Irwin J. Gordon, Trumbull, for appellee (defendant).


PETERS, Chief Justice.

The issues in this appeal arise out of a dispute concerning the sale of two integrated computer systems that failed to meet their purchaser's needs for accurate documentation. The plaintiff, Latham & Associates, Inc. (vendor), filed a complaint to recover the unpaid purchase price for computer hardware and software delivered to the defendant, William Raveis Real Estate, Inc. (purchaser). The purchaser, claiming misrepresentation and breach of warranty, denied its own liability and sought, in a counterclaim, to recover damages as well as the return of moneys paid to the vendor. The trial court, after a hearing, found the issues for the purchaser, both on the complaint and on the counterclaim, but limited the purchaser's recovery to $81,500, representing a return of its payments for software. The vendor filed an appeal in the Appellate Court, which we transferred to this court pursuant to Practice Book § 4023. We affirm the judgment of the trial court.

The trial court found the following facts. The purchaser is a real estate company that sought computerized capacity to provide efficient interconnection between its own multiple offices and the various banks with which it dealt. The vendor, aware of the purchaser's needs and of the purchaser's reliance on the vendor's expertise to satisfy these needs, undertook to provide two computer systems that would meet these needs. To persuade the purchaser that it had the capacity to undertake these responsibilities, the vendor misrepresented the extent of its expertise in creating functioning computer systems.

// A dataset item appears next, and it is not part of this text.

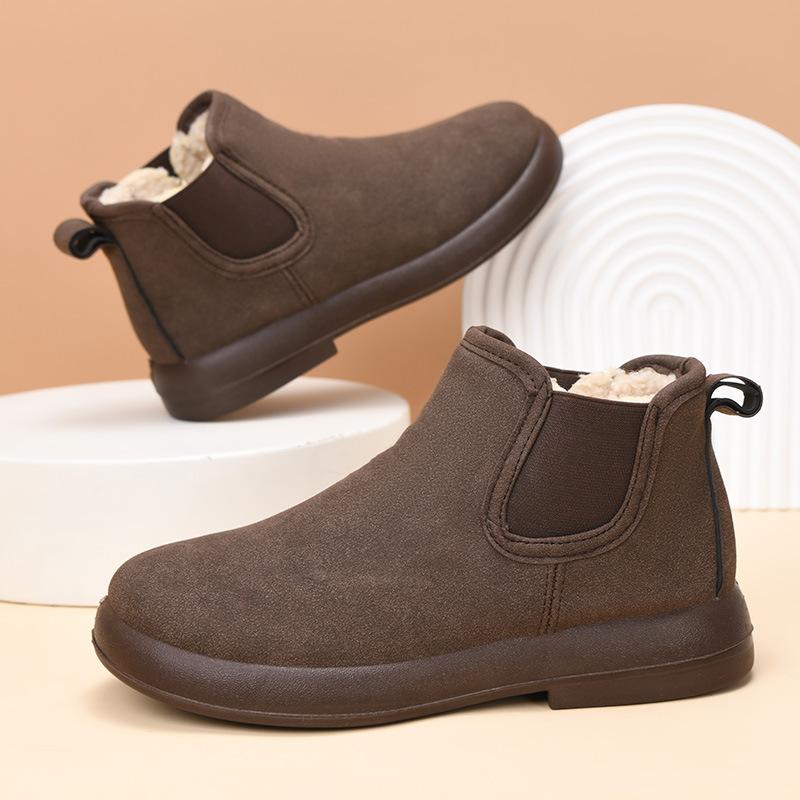 Processing custom foreign trade winter velvet women's cotton shoes warm mother shoes flat short boots non-slip snow boots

The parties entered into two contracts for the delivery of computer systems. The first contract, dated October 15, 1982, called for the vendor to deliver hardware and software for a so-called real estate system. The purchaser made all scheduled payments under this contract. The second contract, dated March 25, 1984, called for the vendor to develop and install a second computer system, the so-called mortgage system. Because of dissatisfaction with the performance of the software tendered under both contracts, the purchaser did not fully pay license fees or software support charges for the mortgage system.

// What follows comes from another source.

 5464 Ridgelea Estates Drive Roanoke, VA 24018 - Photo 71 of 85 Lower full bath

The vendor's complaint sought to recover for the amounts unpaid on the mortgage system, while the purchaser's counterclaim sought to recover the payments it had made, and damages it had incurred, with respect to the software on both the real estate system and the mortgage system. The trial court found that, for both computer systems, despite its contractual representations to the contrary, the vendor was never able to provide software that reliably delivered the information sought by the purchaser. The trial court also found, however, that the purchaser had not presented a sufficient factual basis for its alleged right to recover certain elements of damages for the vendor's nonperformance. The trial court therefore rendered judgment against the vendor on its complaint and in favor of the purchaser on its counterclaim for return of the software contract price, in the amount of $61,750 for the real estate system and $19,750 for the mortgage system, for a total recovery of $81,500.

The vendor's appeal from this judgment focuses on the merits of the judgment on the purchaser's counterclaim. The vendor does not contest the trial court's finding of fact that the two computer systems that it furnished the purchaser did not fulfill the parties' expectations for reliable data retrieval. The vendor does not challenge the trial court's conclusion of law that article 2 of the Uniform Commercial Code; General Statutes §§ 42a-2-201 through 42a-2-725; governs the transactions between the parties, even though the mortgage system contemplated a licensing arrangement rather than an outright sale.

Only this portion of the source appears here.